As esquerdas nunca pareceram unidas, nem antes da segunda volta, nem, menos ainda, após poderem indicar um nome seu para governar. Acabariam por avançar com Lucie Castets, uma jovem funcionária pública de pouca ou quase nenhuma andança política, tendo o nome sido rejeitado por Emmanuel Macron, justificando o presidente que Castets não poderia ter uma maioria do seu lado e que, desta forma, “o governo francês [da Nova Frente Popular] não conseguiria aprovar reformas e ver aprovado o seu Orçamento do Estado”.

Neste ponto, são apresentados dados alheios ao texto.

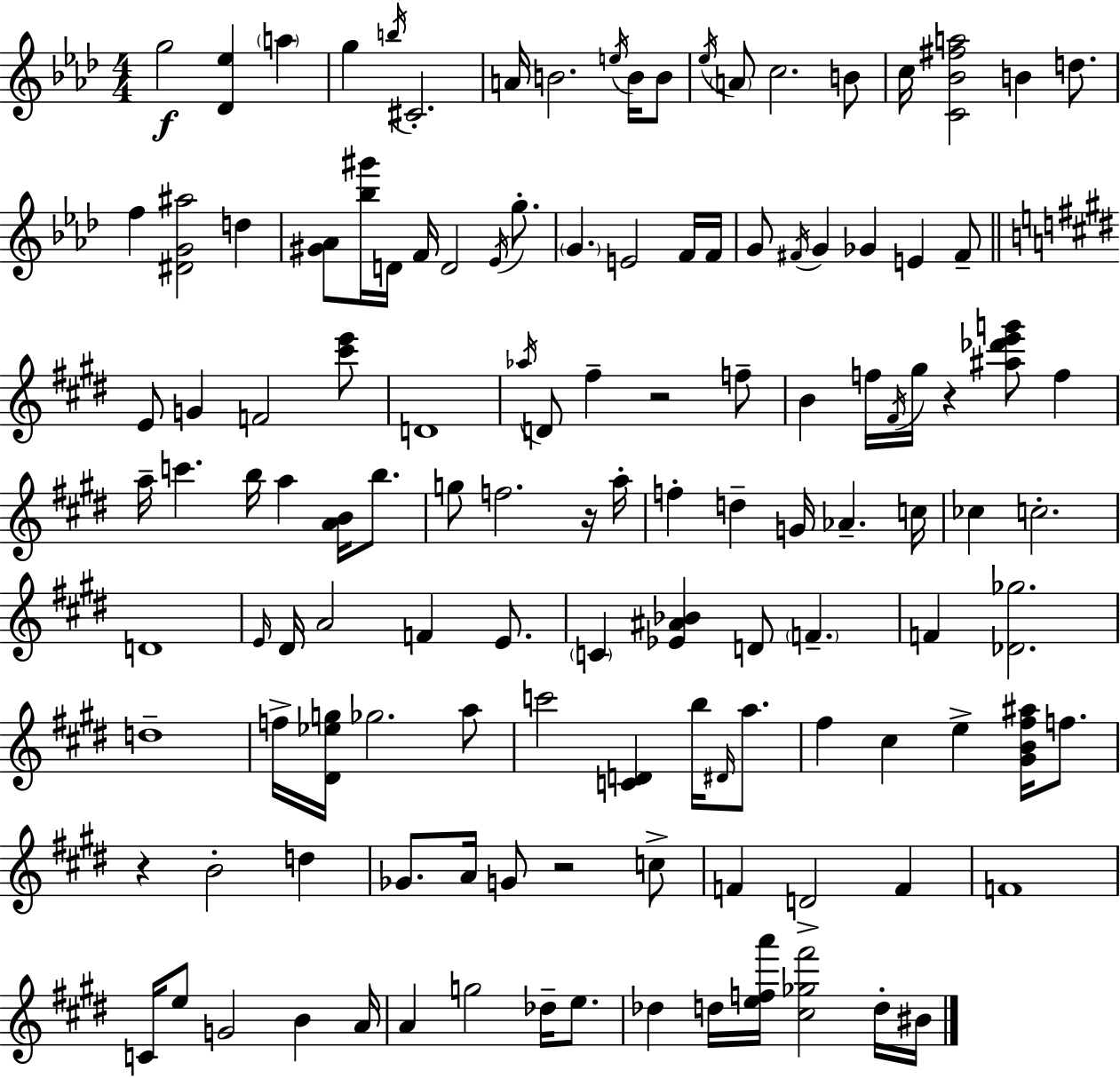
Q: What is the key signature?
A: AES major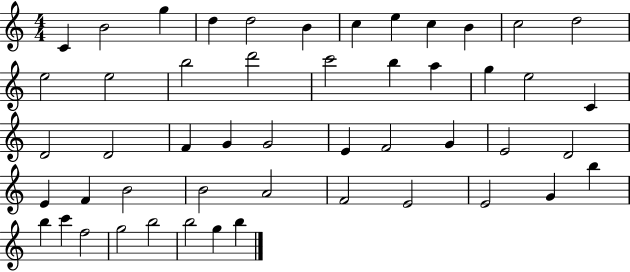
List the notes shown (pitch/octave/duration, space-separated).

C4/q B4/h G5/q D5/q D5/h B4/q C5/q E5/q C5/q B4/q C5/h D5/h E5/h E5/h B5/h D6/h C6/h B5/q A5/q G5/q E5/h C4/q D4/h D4/h F4/q G4/q G4/h E4/q F4/h G4/q E4/h D4/h E4/q F4/q B4/h B4/h A4/h F4/h E4/h E4/h G4/q B5/q B5/q C6/q F5/h G5/h B5/h B5/h G5/q B5/q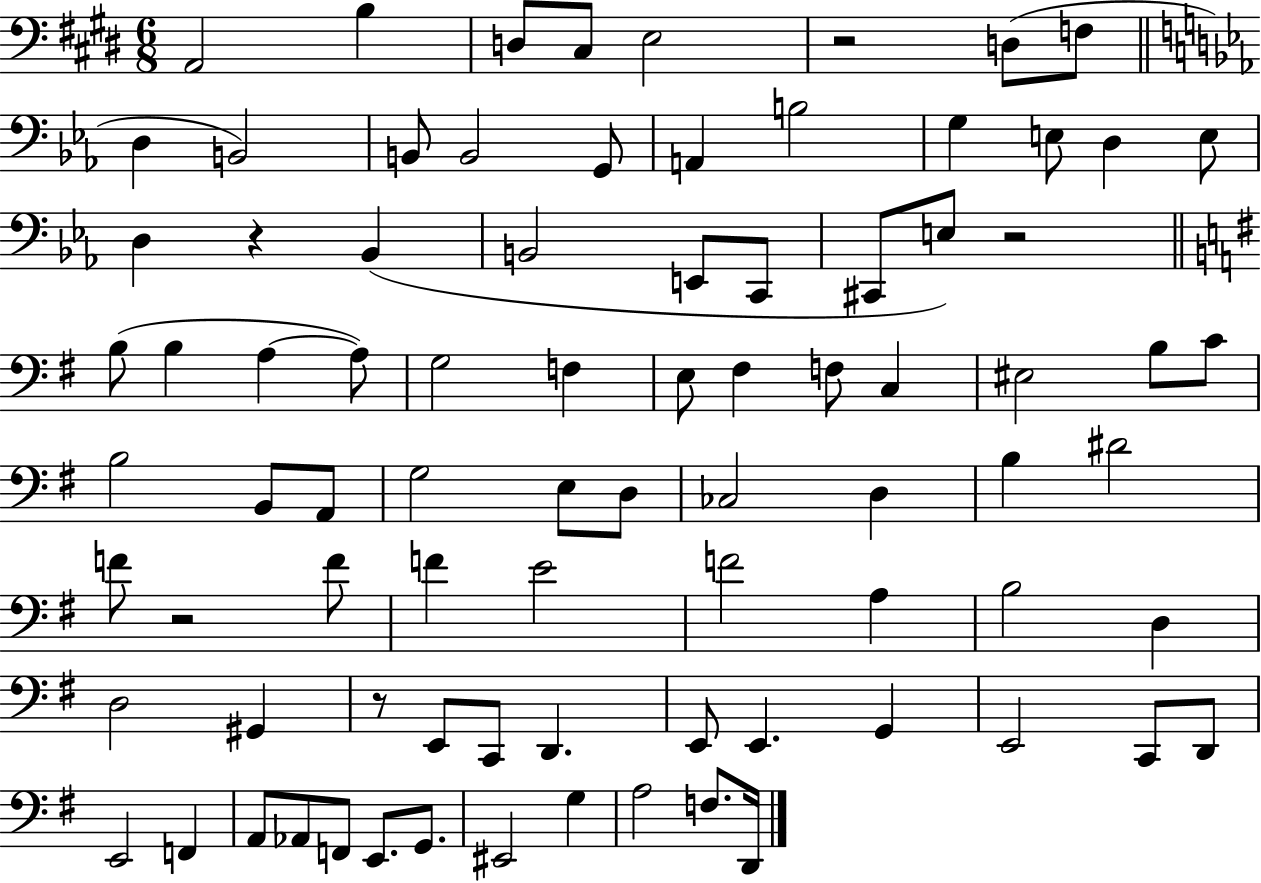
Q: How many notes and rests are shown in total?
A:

Os meses foram passando, os Jogos Olímpicos de Paris passaram igualmente, e Emmanuel Macron continuava a ter uma bomba-relógio em mãos. Era preciso indicar um nome que fosse consensual, à esquerda e à direita. Do Palácio do Eliseu, Macron testou o pulso a dois putativos primeiros-ministros. Um deles menos politizado, antes um tecnocrata: Thierry Beaudet, presidente do Conselho Económico, Social e Ambiental. Não colheu. Como menos ainda colheria o de Bernard Cazeneuve, antigo primeiro-ministro socialista. Então, Macron, liberal, voltou-se para os Republicanos, os conservadores da direita francesa. E apontou o nome do experiente (de currículo) Xavier Bertrand, considerado por Macron alguém capaz de unir as direitas democráticas e alguma esquerda da social-democracia.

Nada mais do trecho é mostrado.